Could you restate word for word the lines running from the one with "Grouped Frequency Table" to the end of the data, both ends included, but without pictures?

Stored entries »

# # #

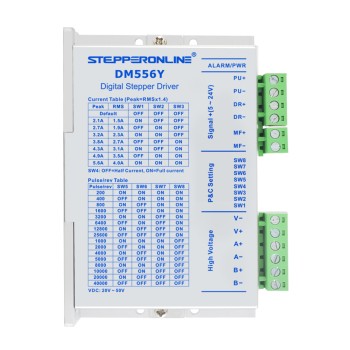 Y シリーズ デジタル ステッピング ドライバ 1.7-5.6A DC20V-50V Nema 23、24、34 ステッピング モーター用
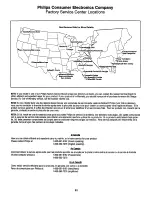 Preview for 22 page of Philips COLOR TV 27 INCH TABLE 27TS54C Owner'S Manual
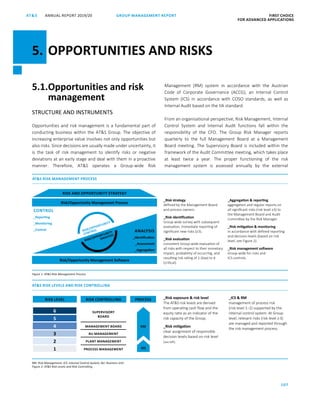 107
GROUP MANAGEMENT REPORT FIRST CHOICE
FOR ADVANCED APPLICATIONS
ANNUAL REPORT 2019/20AT SATS ANNUAL REPORT 2019 /20 GROUP MANAGEMENT REPORT FIRST CHOICE
FOR ADVANCED APPLICATIONS
29
5.1.Opportunities and risk
management
STRUCTURE AND INSTRUMENTS
Opportunities and risk management is a fundamental part of
conducting business within the ATS Group. The objective of
increasing enterprise value involves not only opportunities but
also risks. Since decisions are usually made under uncertainty, it
is the task of risk management to identify risks or negative
deviations at an early stage and deal with them in a proactive
manner. Therefore, ATS operates a Group-wide Risk
Management (RM) system in accordance with the Austrian
Code of Corporate Governance (ACCG), an Internal Control
System (ICS) in accordance with COSO standards, as well as
Internal Audit based on the IIA standard.
From an organisational perspective, Risk Management, Internal
Control System and Internal Audit functions fall within the
responsibility of the CFO. The Group Risk Manager reports
quarterly to the full Management Board at a Management
Board meeting. The Supervisory Board is included within the
framework of the Audit Committee meeting, which takes place
at least twice a year. The proper functioning of the risk
management system is assessed annually by the external
5. OPPORTUNITIES AND RISKS
ATS RISK LEVELS AND RISK CONTROLLING
RM: Risk Management; ICS: Internal Control System; BU: Business Unit
Figure 2: ATS Risk Levels and Risk Controlling
_ICS  RM
management of process risk
(risk level 1–2) supported by the
internal control system. At Group
level, relevant risks (risk level ≥ 3)
are managed and reported through
the risk management process.
_Risk exposure  risk level
The ATS risk levels are derived
from operating cash flow and the
equity ratio as an indicator of the
risk capacity of the Group.
_Risk mitigation
clear assignment of responsible
­decision levels based on risk level
(see left).
SUPERVISORY
BOARD
MANAGEMENT BOARD
BU MANAGEMENT
PLANT MANAGEMENT
PROCESS MANAGEMENT
RISK LEVEL RISK CONTROLLING PROCESS
1
2
3
4
5
6
RM
IKS
ATS RISK MANAGEMENT PROCESS
RISK AND OPPORTUNITY STRATEGY
Risk/Opportunity Management Process
Risk/Opportunity Management Software
RISK/OPPORTUNITY
CONTROL
CONTROL
_Reporting
_Monitoring
_Control
RISK/OPPORTUNITY
ANALYSIS
Figure 1: ATS Risk Management Process
ANALYSIS
_Identification
_Assessment
_Aggregation
_Risk strategy
defined by the Management Board
and process owners.
_Risk identification 
Group-wide survey with subsequent
evaluation. Immediate reporting of
significant new risks (≥3).
_Risk evaluation
consistent Group-wide evaluation of
all risks with respect to their monetary
impact, probability of occurring, and
resulting risk rating of 1 (low) ­to 6
(critical).
_Aggregation  reporting
aggregation and regular reports on
all significant risks (risk level ≥3) to
the Management Board and Audit
Committee by the Risk Manager.
_Risk mitigation  monitoring
in accordance with defined reporting
and decision levels (based on risk
level, see Figure 2).
_Risk management software
Group-wide for risks and
ICS controls.
 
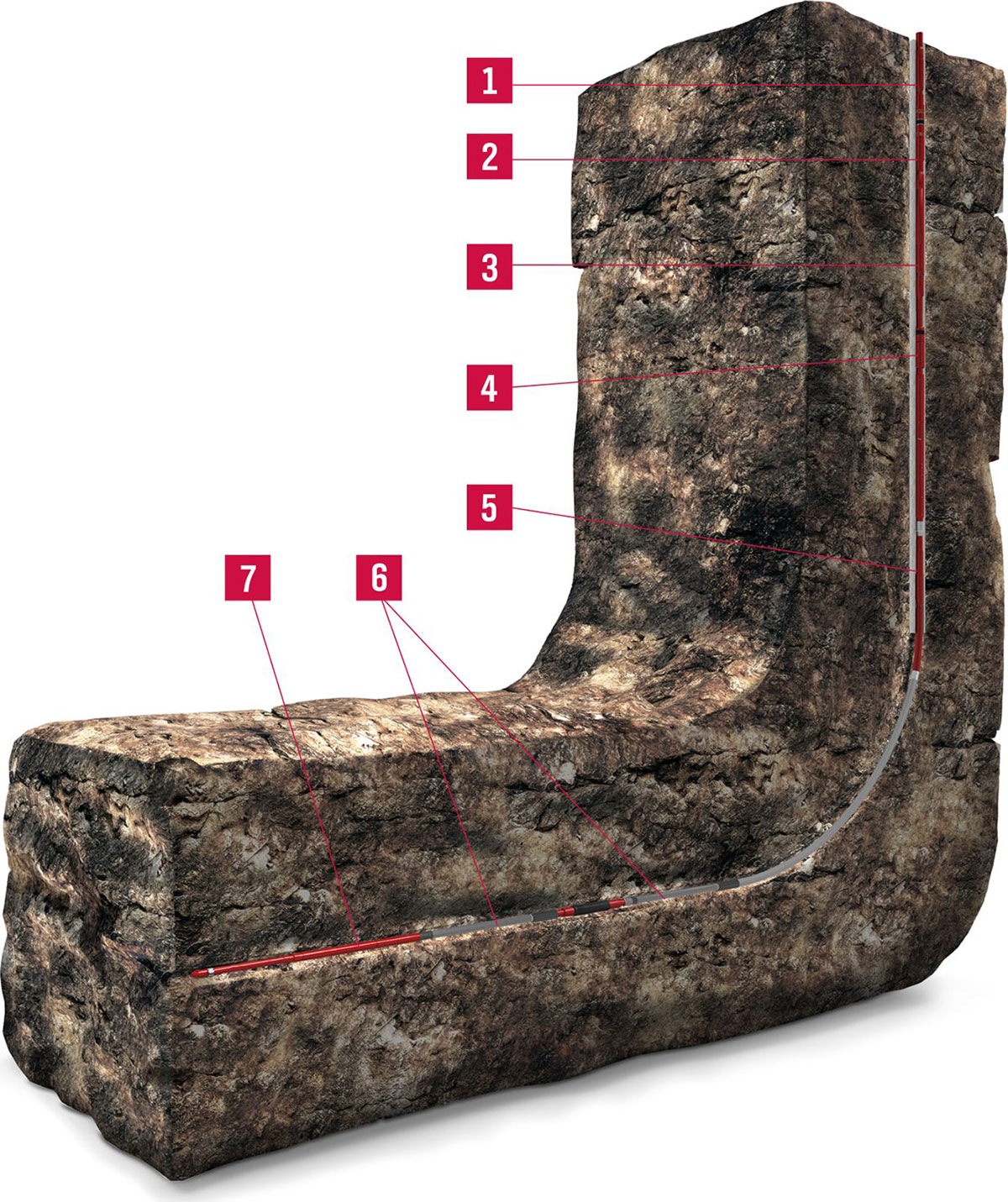 The Single-TR1P Solution at a Glance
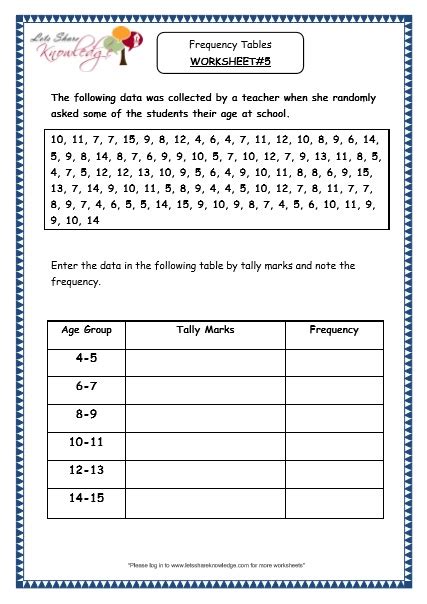 Grouped Frequency Table Worksheet Pdf Teacher Math Worksheet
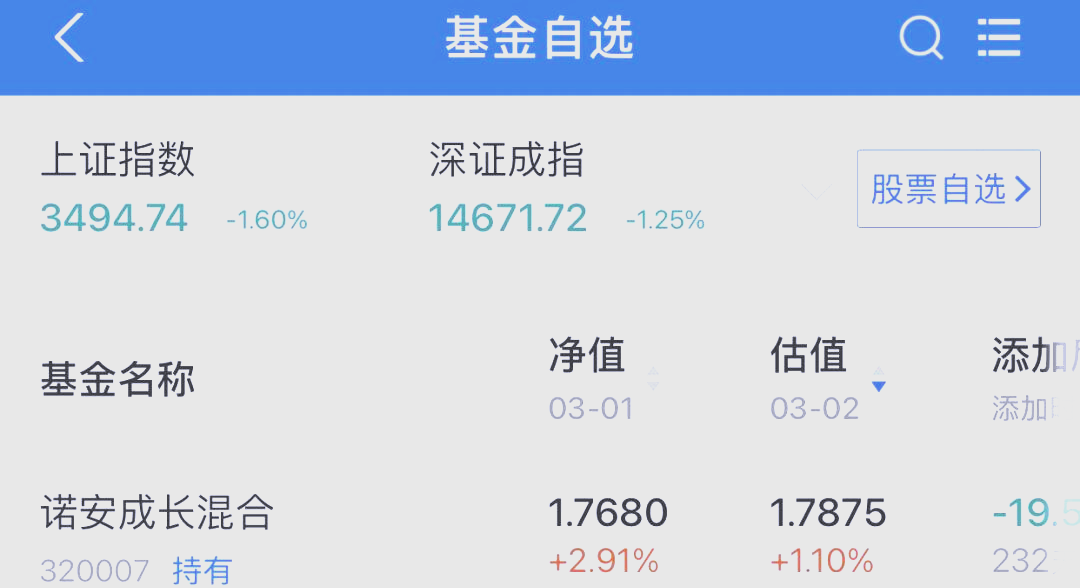 明星基金今日股市的简单介绍 明星基金本日
股市的简单

先容
（明星基金股票） 股市基金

# # #

Task output »
 Grouped Frequency Table Worksheet Pdf Teacher Math Worksheet
 明星基金今日股市的简单介绍 明星基金本日
股市的简单

先容
（明星基金股票） 股市基金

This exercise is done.